====== Excerpted records ======

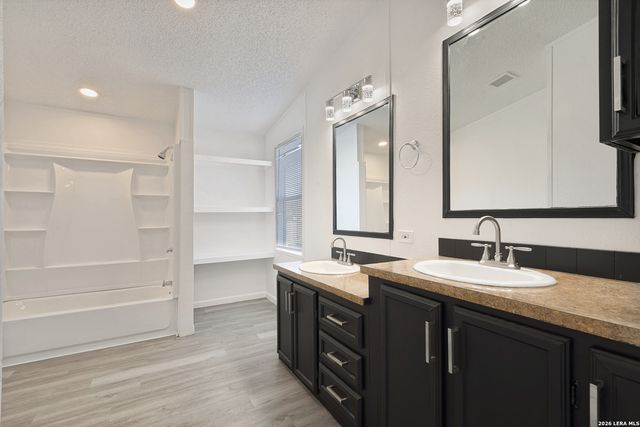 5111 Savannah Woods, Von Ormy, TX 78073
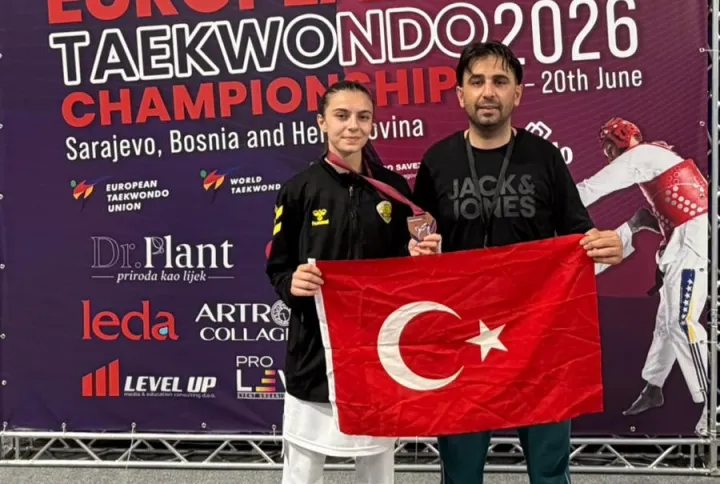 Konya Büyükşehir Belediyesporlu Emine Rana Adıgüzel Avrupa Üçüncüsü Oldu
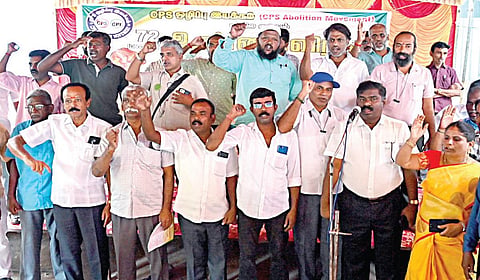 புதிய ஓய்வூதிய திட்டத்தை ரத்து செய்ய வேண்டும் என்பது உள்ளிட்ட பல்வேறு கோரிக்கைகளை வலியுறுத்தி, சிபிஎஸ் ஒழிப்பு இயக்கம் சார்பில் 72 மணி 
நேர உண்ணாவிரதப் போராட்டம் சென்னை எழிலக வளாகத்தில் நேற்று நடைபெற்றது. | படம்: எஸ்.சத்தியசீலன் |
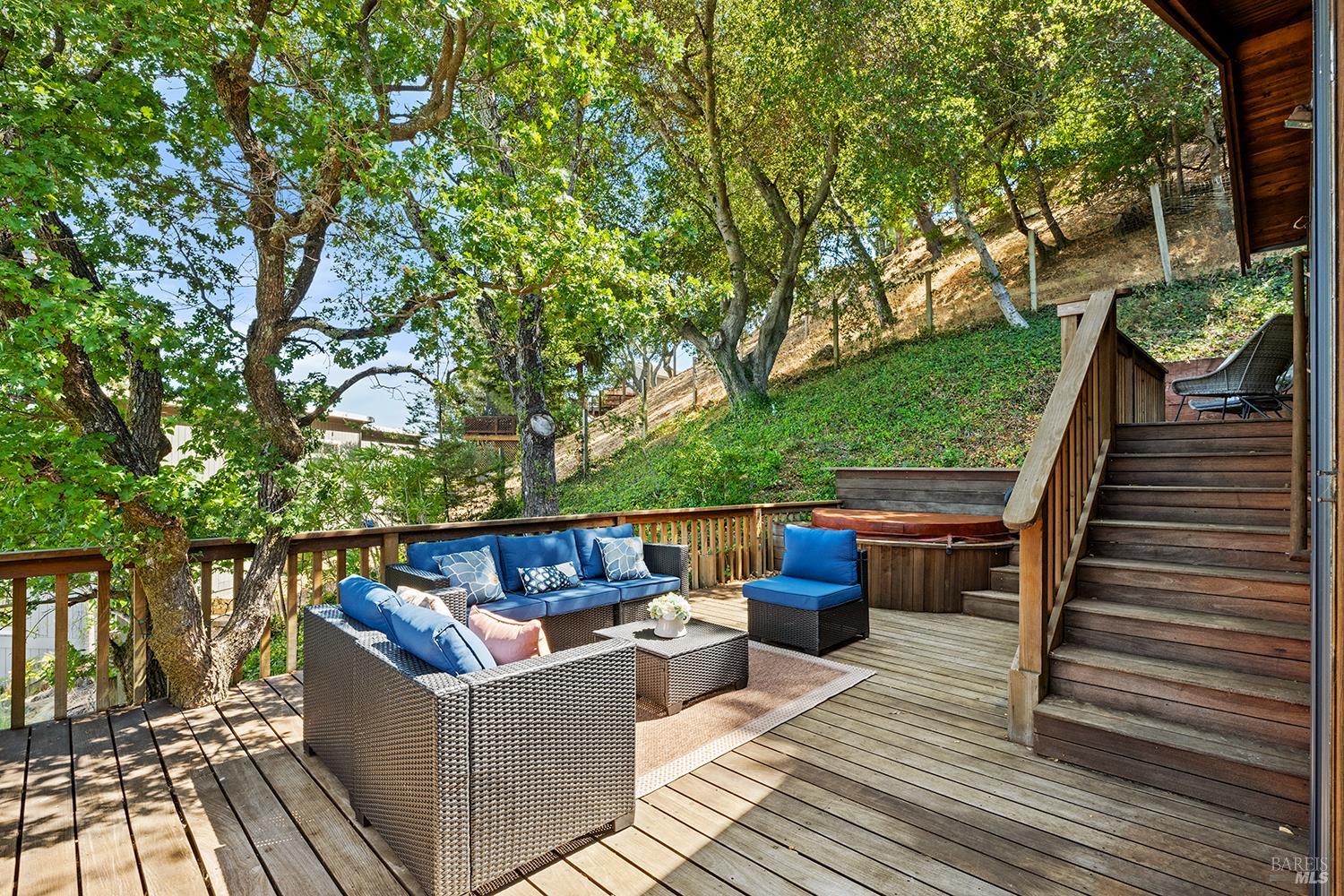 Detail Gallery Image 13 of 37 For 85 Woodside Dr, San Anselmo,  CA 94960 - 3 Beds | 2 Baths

======

▶ _What you are asked to do_
Because only the text is wanted, repeat all the entries exactly and leave out the pictures.

▶ _Answer box_
 5111 Savannah Woods, Von Ormy, TX 78073
 Konya Büyükşehir Belediyesporlu Emine Rana Adıgüzel Avrupa Üçüncüsü Oldu
 புதிய ஓய்வூதிய திட்டத்தை ரத்து செய்ய வேண்டும் என்பது உள்ளிட்ட பல்வேறு கோரிக்கைகளை வலியுறுத்தி, சிபிஎஸ் ஒழிப்பு இயக்கம் சார்பில் 72 மணி 
நேர உண்ணாவிரதப் போராட்டம் சென்னை எழிலக வளாகத்தில் நேற்று நடைபெற்றது. | படம்: எஸ்.சத்தியசீலன் |
 Detail Gallery Image 13 of 37 For 85 Woodside Dr, San Anselmo,  CA 94960 - 3 Beds | 2 Baths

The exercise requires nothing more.